One of the reasons we are in such a mess, I believe, is that society has become increasingly, and almost casually, accepting of lying during the last couple of generations. The cost of lying has decreased. The punishment no longer fits the crime, if it ever did. As we have heard endlessly in the last few months, perjury convictions have become hard to secure. (It depends on what the meaning of "is" is.) The risk of getting nailed for a lie seems to have diminished. The highest public figures, the most respected figures in private industry, routinely lie. It is more genteel to say that they routinely tell less than the truth. That avoids the unpleasant facts and it makes everyone feel better.

In Washington, spin doctors have been elevated to professional status, and spinning has become an art form. But the difference between spinning and lying is in the eyes of the beholder. Whenever the acceptability of lying increased to a point where it became a fundamental change in American ethics, certainly this change was a fact of life by the time of the Vietnam war.

Successive administrations, beginning with LBJ's, grievously damaged the virtue of truth in trying to justify the American presence there.

A few months after he became president, Johnson sent his Defense Secretary to Vietnam for a report on what was really going on. McNamara spoke to the generals and the GIs, to Americans and South Vietnamese, civilian and military. In two press conferences between Saigon and Washington, he told the world that he was much encouraged. There finally was reason for optimism.

But McNamara told President Johnson something quite different. Exactly the opposite, in fact. The war in South Vietnam was going to hell in a handbasket. General Westmoreland was going to ask for 200,000 more American troops, and McNamara was going to support his request. We didn't learn this vital truth until the Pentagon papers were published 17 years later, and only then because two American newspapers fought all the way to the Supreme Court for their release.

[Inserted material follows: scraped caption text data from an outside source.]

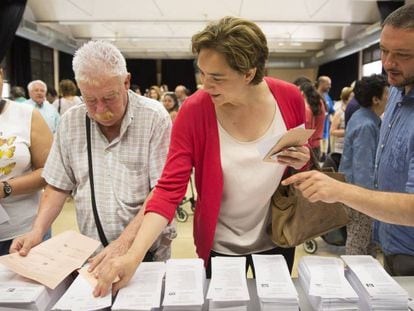 Ada Colau, alcaldesa de Barcelona, ejerciendo su derecho a voto.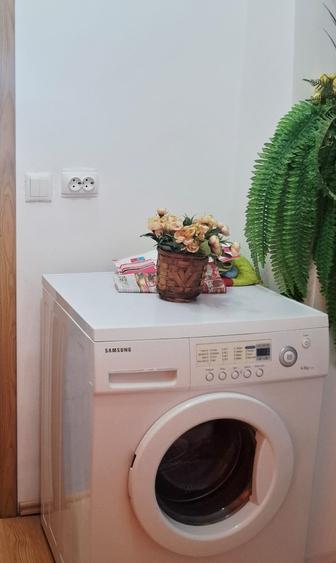 Apartament cu 3 camere decomandat, mobilat în Ultracentral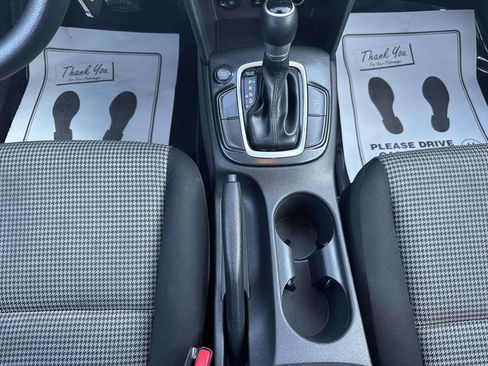 Used 2020 Hyundai Kona SE FWD image 19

Did that lie change history? At that moment only 6,000 Americans had lost their lives in Vietnam. Before the truce seven years later, more than 50,000 Americans had lost their lives, plus countless hundreds of thousands of Vietnamese. The Nixon lies during Watergate produced the greatest crisis in the history of American government, until now. More than 30 of Nixon's closest associates were convicted and jailed, including the country's chief law enforcement officer, Attorney-General John Mitchell.

The lies about the Iran-Contra and arms-for-hostages affairs scarred the Reagan and Bush presidencies. But only Nixon paid any real price for lying. And by resigning before he was impeached and convicted, he "earned" a pardon from his successor. He was able to claim for the rest of his life - with some success - that he had been hounded out of the White House by his political enemies, who had confused the public into thinking that dirty tricks during a campaign added up to impeachable violations of the Constitution.

And then we elected William Jefferson Clinton, the most attractive, the most intelligent, the most charismatic, the most experienced American politician since Jack Kennedy at least. But we knew that he and the truth were often on different pages. We knew he hadn't been called "Slick Willie" for nothing. Before we elected him we knew about his sexual proclivities. One member of his Arkansas gubernatorial staff was put in charge of coping with "bimbo eruptions". We knew he had had at least a chequered military career. First he said he had never been drafted. Then he said that he had been drafted. First he said he had never had sex with Gennifer Flowers. Then he remembered that he had had sex with her. Once. He finally had to admit he had smoked marijuana. But he hadn't inhaled.

All this, BEFORE he was elected President.

And then came Paula Jones's claim that Clinton had sexually harassed her. The President denied everything, a denial for which he was eventually impeached. And then he agreed to pay Ms Jones $850,000 to make her and her claim go away.

And finally, full circle, came the zaftig "Valley Girl" Monica Lewinsky, not really a likely candidate to bring a president this close to disgrace. Was it the sex, or was it the lying?